## Exercise requirements
Locate "Blue Frozen Yogurt With Logo Neontábla" in the records below, then copy its line and every following line exactly, without the pictures.

## Provided data
· · · · · · ·

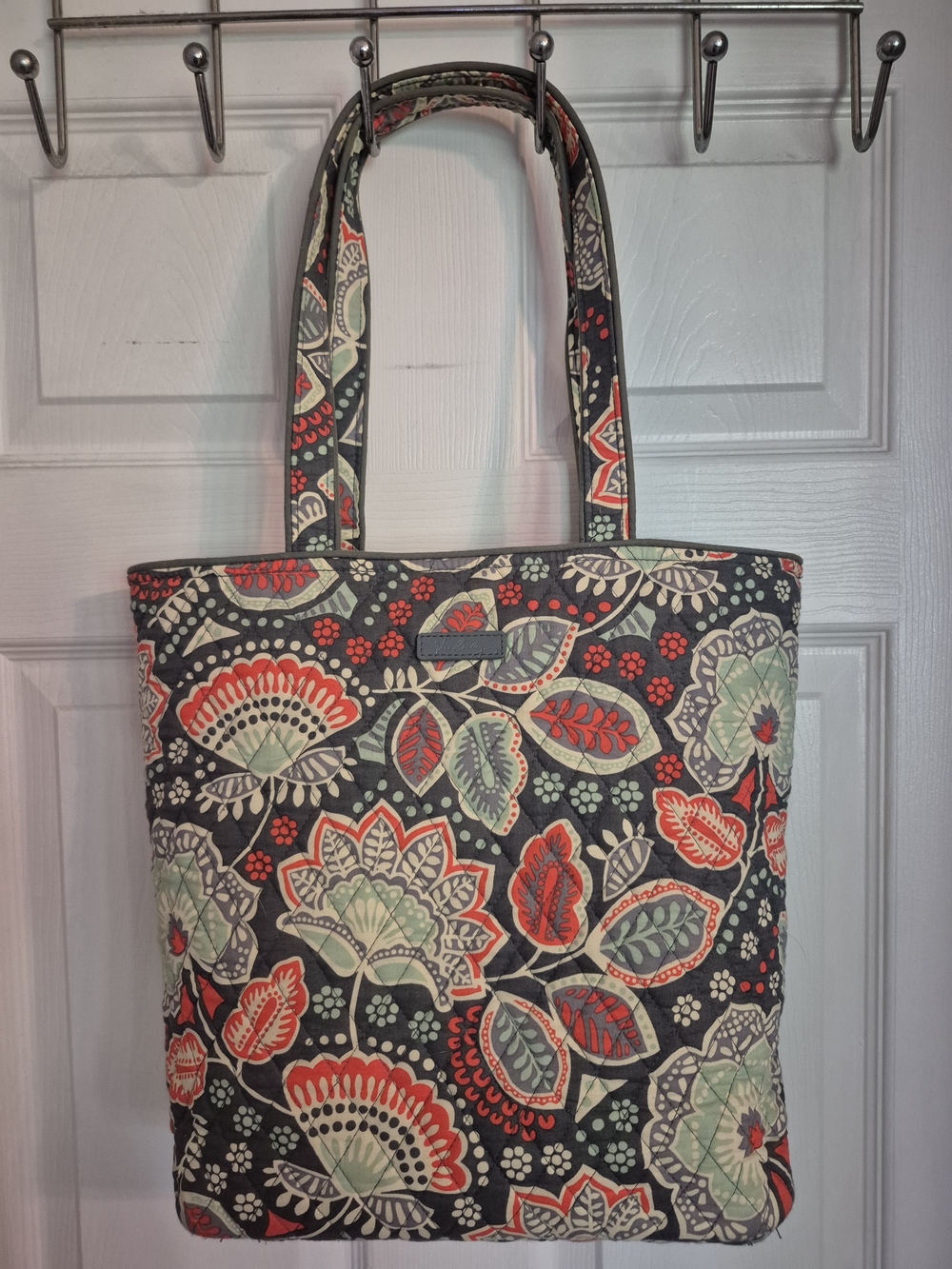 Vera Bradley Floral Quilted Tote Bag in Charcoal and Coral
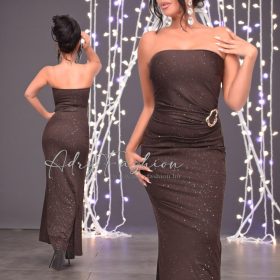 Barna színű csillogós alkalmi ruha
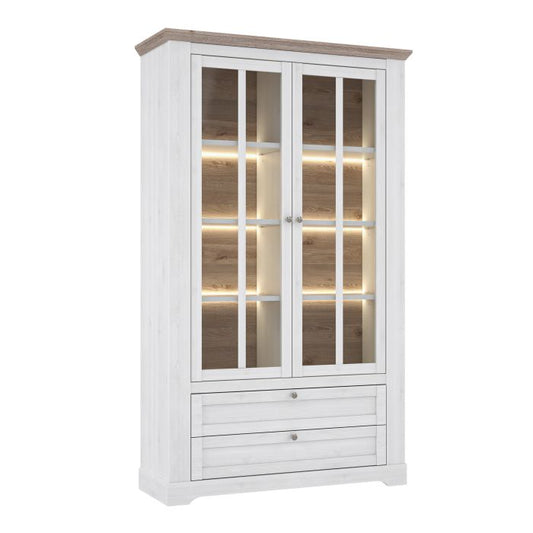 Illoppa Display Cabinet in Snowy Oak/Oak Nelson - NIXO Furniture.com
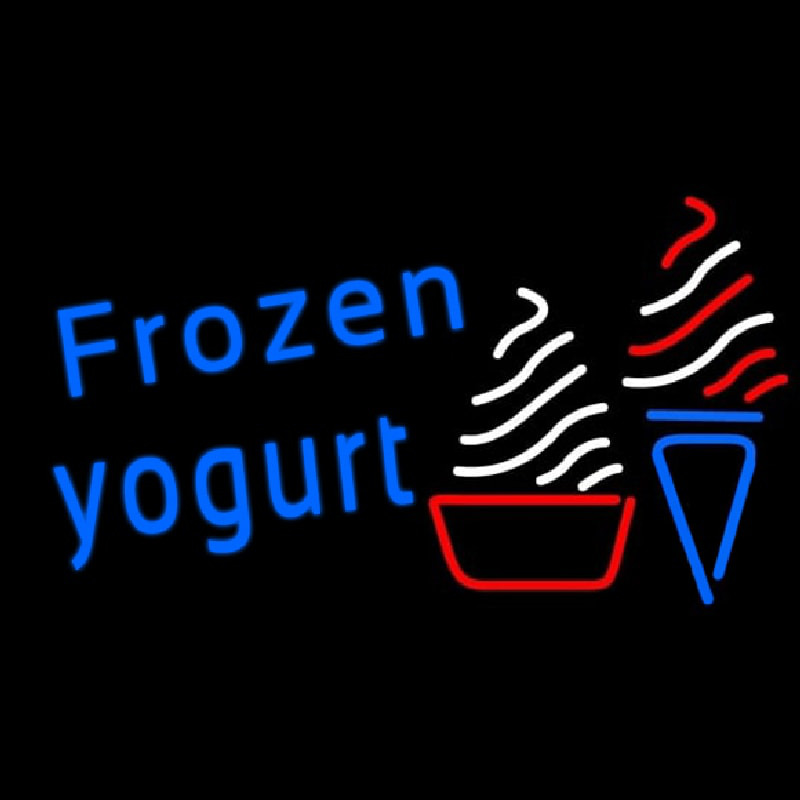 Blue Frozen Yogurt With Logo Neontábla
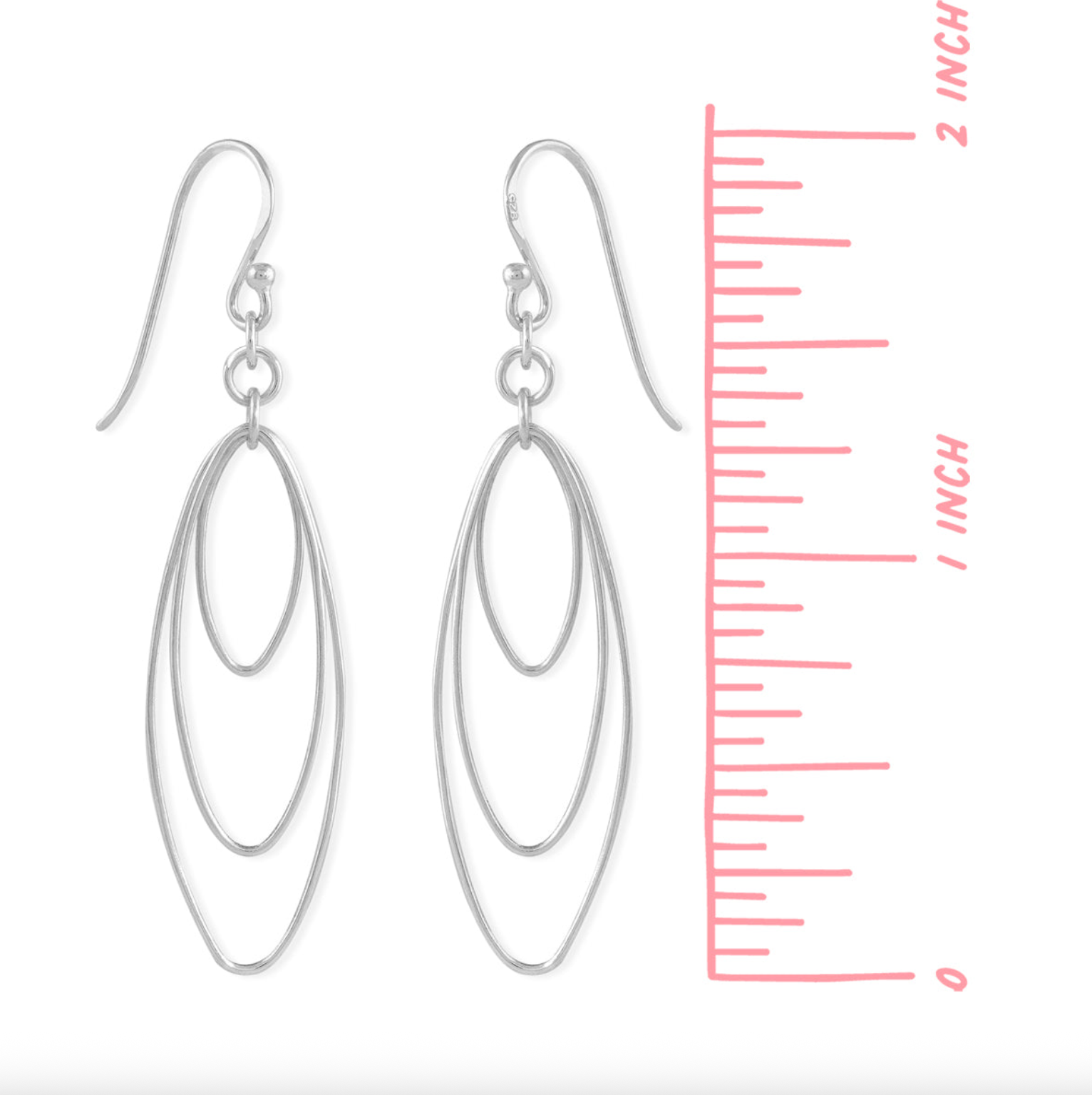 Boma Sterling Silver Delicate Triple Oval Earrings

· · · · · · ·

## Finished task
 Blue Frozen Yogurt With Logo Neontábla
 Boma Sterling Silver Delicate Triple Oval Earrings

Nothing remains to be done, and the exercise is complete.